When I began playing Magic and needed a deck to play with my friend, the LGS employee who knew his stuff handed me the Rat’s Nest theme deck and watched my eyes jump out on stalks as I saw Umezawa’s Jitte for the first time. I barely understood the rules, let alone strategy – how could my friend ever beat this Patron of the Nezumi?! – but even I could tell this card was unbelievably powerful.
Being introduced to the game via Jitte may have raised my expectations too high for my first preview season. For a normal set, that wouldn’t be a problem – but this wasn’t a normal set. This was Saviors of Kamigawa.
This was the ultimate test of my love for the game. If I could make it through perhaps the worst set of all time, I was going to be hooked for life. Seventeen years later, I look forward to Kamigawa: Neon Dynasty with as much excitement and nostalgia as I’ve ever had for a new set.
Our first glimpse of the set blew me away:
Boseiju, Who Endures is going to see extensive play in every format and is a game-changer for most of them. It’s incredibly easy to put Boseiju in your deck and easy to find a great use for it.
The legendary lands cycle in the original Kamigawa block came close to skirting the rule against strict upgrades to basic lands except for one crucial quirk – the legend rule introduced with Champions of Kamigawa made opposing copies of the same legend instantly self-destruct. The answer to “Why not run an Eiganjo Castle?” used to be, “My opponent might draw theirs and stop me from casting any spells.” The printed text on these lands often felt secondary to the possibility of them acting as Strip Mine.
Under the current legend rule, these concerns no longer apply. This cycle is on a comeback tour in Modern right now; Eiganjo Castle can protect your companion in Mono-White Hammer (Lurrus) while Shinka, the Bloodsoaked Keep and Shizo, Death’s Storehouse let Ragavan, Nimble Pilferer rumble in the red zone more effectively. These interactions are neat when they occur, but are only an afterthought. You play the ‘free’ first copy but there’s not nearly enough upside to play the second copy and risk drawing both.
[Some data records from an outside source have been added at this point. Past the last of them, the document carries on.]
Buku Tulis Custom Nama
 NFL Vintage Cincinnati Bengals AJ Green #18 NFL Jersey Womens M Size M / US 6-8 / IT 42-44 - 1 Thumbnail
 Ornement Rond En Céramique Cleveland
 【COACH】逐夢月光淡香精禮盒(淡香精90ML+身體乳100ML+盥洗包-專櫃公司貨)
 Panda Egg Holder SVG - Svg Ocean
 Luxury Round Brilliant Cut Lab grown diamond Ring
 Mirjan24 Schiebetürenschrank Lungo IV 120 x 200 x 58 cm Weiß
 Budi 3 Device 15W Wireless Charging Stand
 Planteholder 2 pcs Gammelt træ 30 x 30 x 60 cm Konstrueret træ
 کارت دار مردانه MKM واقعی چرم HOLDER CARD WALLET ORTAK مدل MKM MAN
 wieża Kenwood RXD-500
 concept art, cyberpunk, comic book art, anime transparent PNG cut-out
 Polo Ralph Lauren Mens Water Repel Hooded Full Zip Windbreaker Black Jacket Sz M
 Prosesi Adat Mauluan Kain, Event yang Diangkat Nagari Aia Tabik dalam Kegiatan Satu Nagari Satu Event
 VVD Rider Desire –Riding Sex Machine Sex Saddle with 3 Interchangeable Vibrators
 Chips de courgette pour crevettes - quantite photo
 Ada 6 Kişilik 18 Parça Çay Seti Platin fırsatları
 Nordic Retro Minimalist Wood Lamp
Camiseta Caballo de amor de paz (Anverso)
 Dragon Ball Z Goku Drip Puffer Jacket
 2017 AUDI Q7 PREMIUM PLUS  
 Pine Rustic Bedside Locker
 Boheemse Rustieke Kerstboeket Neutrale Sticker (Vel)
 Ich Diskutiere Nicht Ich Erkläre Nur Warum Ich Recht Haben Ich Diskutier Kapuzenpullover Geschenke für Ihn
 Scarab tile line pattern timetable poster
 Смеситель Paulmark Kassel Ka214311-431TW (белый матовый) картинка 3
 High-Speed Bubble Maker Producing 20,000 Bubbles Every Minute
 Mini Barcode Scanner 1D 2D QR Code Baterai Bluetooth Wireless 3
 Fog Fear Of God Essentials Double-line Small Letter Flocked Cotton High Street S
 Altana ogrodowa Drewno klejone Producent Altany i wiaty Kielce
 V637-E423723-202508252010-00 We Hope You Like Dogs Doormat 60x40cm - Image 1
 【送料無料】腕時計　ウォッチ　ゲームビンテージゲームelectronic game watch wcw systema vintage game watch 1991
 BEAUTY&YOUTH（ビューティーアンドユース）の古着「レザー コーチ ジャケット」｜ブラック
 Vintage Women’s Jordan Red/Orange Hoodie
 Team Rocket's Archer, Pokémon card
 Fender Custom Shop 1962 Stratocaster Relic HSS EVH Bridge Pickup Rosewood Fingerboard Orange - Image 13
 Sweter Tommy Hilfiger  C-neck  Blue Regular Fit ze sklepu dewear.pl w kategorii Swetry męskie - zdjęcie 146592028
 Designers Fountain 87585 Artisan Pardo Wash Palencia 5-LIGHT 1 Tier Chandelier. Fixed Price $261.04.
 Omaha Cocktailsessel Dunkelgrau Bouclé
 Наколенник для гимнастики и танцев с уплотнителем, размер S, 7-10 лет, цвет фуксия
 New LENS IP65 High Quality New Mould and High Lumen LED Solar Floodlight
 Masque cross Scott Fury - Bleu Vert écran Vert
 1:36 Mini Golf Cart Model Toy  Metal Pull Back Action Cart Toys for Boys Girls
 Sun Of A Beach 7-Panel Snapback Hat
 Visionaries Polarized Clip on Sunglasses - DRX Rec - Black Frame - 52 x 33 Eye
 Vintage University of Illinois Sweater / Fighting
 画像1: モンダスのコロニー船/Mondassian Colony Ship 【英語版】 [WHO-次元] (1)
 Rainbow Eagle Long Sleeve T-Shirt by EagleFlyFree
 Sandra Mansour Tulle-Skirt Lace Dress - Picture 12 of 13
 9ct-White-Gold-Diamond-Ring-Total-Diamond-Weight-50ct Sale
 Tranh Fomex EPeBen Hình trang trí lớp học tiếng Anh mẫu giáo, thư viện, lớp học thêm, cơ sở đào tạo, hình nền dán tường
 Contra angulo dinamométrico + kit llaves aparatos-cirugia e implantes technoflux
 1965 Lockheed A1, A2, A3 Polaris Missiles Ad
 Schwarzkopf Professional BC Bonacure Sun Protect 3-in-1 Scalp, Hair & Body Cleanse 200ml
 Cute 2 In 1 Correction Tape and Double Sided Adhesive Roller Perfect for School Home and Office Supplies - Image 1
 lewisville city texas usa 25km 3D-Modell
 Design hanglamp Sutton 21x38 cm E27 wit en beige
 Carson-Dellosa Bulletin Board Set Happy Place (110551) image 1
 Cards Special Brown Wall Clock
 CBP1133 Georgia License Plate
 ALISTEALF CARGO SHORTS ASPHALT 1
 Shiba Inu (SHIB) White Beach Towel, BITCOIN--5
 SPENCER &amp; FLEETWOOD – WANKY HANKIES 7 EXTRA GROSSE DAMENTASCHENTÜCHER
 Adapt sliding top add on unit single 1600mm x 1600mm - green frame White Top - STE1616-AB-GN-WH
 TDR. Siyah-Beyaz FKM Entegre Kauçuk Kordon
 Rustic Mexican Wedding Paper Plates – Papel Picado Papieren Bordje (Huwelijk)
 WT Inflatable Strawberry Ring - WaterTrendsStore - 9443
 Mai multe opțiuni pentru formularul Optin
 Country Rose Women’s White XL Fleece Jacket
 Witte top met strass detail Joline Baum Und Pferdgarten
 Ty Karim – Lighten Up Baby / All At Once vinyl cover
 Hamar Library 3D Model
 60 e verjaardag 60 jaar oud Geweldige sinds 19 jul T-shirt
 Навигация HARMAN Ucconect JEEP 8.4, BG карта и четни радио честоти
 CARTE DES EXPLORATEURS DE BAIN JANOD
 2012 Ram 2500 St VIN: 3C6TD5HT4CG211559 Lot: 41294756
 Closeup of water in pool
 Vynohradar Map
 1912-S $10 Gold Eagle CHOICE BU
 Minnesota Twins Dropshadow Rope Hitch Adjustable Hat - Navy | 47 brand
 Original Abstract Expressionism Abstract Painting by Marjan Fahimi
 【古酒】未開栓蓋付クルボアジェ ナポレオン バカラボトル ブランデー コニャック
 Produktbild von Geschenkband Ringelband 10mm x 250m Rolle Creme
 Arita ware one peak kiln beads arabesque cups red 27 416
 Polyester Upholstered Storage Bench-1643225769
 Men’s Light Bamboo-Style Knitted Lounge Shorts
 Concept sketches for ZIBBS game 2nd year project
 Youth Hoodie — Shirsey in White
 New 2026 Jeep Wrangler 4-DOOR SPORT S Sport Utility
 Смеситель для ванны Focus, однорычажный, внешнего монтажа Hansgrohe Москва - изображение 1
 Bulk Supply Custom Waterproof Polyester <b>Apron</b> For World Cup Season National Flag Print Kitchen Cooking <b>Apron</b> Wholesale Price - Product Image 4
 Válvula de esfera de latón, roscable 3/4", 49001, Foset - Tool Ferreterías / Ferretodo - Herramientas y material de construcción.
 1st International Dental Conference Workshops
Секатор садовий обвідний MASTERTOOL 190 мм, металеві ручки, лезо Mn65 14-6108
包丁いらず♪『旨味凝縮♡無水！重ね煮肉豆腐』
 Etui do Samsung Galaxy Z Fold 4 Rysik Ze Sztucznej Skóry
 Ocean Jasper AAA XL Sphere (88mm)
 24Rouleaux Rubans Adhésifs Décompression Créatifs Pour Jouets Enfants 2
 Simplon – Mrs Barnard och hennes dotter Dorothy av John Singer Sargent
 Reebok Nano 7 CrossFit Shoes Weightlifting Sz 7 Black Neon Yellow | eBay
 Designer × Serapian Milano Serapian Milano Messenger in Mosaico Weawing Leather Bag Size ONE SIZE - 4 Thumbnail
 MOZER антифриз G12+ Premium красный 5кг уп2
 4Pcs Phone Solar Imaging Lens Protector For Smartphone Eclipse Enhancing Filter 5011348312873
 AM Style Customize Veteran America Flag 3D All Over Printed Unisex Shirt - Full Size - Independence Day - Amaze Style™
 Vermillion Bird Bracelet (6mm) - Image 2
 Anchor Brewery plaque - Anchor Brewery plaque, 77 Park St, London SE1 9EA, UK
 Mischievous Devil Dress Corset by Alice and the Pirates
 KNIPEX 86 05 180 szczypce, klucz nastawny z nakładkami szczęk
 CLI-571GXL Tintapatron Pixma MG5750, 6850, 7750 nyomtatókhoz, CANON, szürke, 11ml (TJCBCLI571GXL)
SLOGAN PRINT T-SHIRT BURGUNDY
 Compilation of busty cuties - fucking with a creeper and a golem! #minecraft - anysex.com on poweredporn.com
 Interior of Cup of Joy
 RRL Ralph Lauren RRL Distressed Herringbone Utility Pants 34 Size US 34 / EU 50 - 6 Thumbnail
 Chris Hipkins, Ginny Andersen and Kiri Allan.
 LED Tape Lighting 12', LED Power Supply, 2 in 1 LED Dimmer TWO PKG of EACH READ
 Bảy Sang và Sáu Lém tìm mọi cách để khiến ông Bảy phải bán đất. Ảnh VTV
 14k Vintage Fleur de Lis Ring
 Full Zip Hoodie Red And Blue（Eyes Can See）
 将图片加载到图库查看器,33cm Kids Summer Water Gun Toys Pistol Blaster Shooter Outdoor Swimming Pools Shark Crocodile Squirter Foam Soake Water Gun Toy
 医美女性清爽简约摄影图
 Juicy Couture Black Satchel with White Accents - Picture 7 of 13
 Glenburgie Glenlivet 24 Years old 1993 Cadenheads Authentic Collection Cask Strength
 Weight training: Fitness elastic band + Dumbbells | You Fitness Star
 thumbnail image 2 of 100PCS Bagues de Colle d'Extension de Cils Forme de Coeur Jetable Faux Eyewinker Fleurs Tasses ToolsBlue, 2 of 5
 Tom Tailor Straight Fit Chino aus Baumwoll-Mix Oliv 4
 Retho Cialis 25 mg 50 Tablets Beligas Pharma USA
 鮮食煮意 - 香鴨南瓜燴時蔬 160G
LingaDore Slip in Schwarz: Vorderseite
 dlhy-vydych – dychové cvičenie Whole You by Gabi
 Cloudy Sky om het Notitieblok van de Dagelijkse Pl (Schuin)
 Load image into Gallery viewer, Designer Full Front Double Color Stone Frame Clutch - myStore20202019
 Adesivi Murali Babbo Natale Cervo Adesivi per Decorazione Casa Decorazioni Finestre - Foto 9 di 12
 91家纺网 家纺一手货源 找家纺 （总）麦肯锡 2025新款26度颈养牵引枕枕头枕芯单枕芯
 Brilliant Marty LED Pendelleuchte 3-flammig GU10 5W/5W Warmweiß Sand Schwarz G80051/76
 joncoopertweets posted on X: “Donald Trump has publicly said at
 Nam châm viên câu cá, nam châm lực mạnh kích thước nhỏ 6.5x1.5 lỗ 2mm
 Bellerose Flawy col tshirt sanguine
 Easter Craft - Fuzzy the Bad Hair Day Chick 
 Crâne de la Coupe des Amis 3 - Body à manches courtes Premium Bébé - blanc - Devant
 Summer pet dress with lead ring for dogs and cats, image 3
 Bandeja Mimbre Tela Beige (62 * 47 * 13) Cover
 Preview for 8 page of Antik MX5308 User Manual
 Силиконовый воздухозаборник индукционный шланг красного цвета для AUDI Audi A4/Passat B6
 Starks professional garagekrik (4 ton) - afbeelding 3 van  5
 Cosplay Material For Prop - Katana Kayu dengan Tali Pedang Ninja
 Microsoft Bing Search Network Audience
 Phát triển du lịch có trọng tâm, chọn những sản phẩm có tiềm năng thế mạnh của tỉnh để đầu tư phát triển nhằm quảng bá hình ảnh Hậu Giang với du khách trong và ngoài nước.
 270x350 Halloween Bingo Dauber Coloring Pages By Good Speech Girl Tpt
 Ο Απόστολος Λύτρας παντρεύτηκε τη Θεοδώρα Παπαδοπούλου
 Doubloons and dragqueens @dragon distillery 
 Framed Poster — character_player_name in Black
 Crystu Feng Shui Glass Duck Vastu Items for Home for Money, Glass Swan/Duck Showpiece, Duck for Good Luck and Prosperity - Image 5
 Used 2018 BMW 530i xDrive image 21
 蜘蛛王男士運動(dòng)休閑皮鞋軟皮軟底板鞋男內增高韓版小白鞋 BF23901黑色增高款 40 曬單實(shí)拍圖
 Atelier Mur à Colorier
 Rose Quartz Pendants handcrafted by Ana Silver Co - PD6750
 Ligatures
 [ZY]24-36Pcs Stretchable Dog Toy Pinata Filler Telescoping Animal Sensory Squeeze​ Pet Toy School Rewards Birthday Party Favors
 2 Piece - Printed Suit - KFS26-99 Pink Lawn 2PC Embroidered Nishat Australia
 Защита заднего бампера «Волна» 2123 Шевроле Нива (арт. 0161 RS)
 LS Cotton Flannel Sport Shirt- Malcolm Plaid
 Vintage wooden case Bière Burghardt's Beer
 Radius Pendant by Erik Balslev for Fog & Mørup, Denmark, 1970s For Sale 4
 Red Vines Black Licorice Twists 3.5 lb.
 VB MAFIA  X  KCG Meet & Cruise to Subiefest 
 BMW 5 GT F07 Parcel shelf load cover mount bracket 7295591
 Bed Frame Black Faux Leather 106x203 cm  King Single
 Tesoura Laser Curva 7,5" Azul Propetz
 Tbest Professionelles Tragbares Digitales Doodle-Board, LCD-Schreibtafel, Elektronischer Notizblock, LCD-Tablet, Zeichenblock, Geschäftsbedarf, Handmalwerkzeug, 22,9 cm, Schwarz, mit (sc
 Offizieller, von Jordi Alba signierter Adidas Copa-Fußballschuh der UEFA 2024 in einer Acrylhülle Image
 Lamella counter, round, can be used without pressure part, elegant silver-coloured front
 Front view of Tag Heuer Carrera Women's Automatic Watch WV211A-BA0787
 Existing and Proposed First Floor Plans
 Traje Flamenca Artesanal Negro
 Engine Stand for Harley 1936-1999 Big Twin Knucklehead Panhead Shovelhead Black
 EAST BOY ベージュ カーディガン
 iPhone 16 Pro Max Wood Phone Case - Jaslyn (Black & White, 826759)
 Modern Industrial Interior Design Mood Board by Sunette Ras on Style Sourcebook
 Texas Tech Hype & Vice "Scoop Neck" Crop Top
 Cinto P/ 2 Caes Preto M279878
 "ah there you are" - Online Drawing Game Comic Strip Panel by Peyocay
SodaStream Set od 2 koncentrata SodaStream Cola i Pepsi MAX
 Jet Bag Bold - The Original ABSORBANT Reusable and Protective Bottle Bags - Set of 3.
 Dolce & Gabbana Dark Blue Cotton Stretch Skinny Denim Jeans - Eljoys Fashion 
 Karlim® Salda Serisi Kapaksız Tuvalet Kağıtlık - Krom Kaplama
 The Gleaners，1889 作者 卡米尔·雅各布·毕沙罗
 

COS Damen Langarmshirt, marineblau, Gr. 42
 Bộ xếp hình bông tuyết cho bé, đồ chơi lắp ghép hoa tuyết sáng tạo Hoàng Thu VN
Boseiju, Who Endures is completely different. The channel mechanic is the perfect failsafe against drawing multiples – if you use the first copy as a land, future copies can still be useful – but that only comes up if the effect is worth playing that many at all. With this Boseiju, the answer is absolutely yes – you’ll be surprised not to see the first copy and won’t bat an eye at seeing the full four.
Boseiju’s importance roughly scales with the size of the format, so its Standard applications are a good start.
With the latest round of bans eliminating its main rivals in Alrund’s Epiphany and Divide by Zero, Esika’s Chariot is back in a big way. Boseiju gives any green deck a way to contain a Chariot that threatens to run you over. It’s not a good exchange but those don’t exist where Chariot is concerned – that’s why it was in the ban conversation itself for a while.
Mono-Green Aggro, Chariot’s main home, illustrates a welcome design trend over the past few years: incentives to play a higher land count that prompt tradeoffs when building your manabase. The late Faceless Haven clashed with DFCs like Kazandu Mammoth as well as Lair of the Hydra, previously relegated to one or two copies as it couldn’t enable your superior creature-land.
With Haven gone, both Lair and Boseiju have more room to breathe – unless you still want Snow-Covered Forests for Blizzard Brawl, the best removal spell in Standard and the main reason to limit yourself to Mono-Green. Each format has its own similar tradeoffs, but it’s to Boseiju’s credit that it will usually win that argument, especially with the wider range of good targets in larger formats. The lands that it competes with also strengthen Boseiju’s case – even in the smallest card pool here in Standard, the Adventures in the Forgotten Realms creature-lands are ubiquitous and give Boseiju targets against decks with no artifacts or enchantments to care about.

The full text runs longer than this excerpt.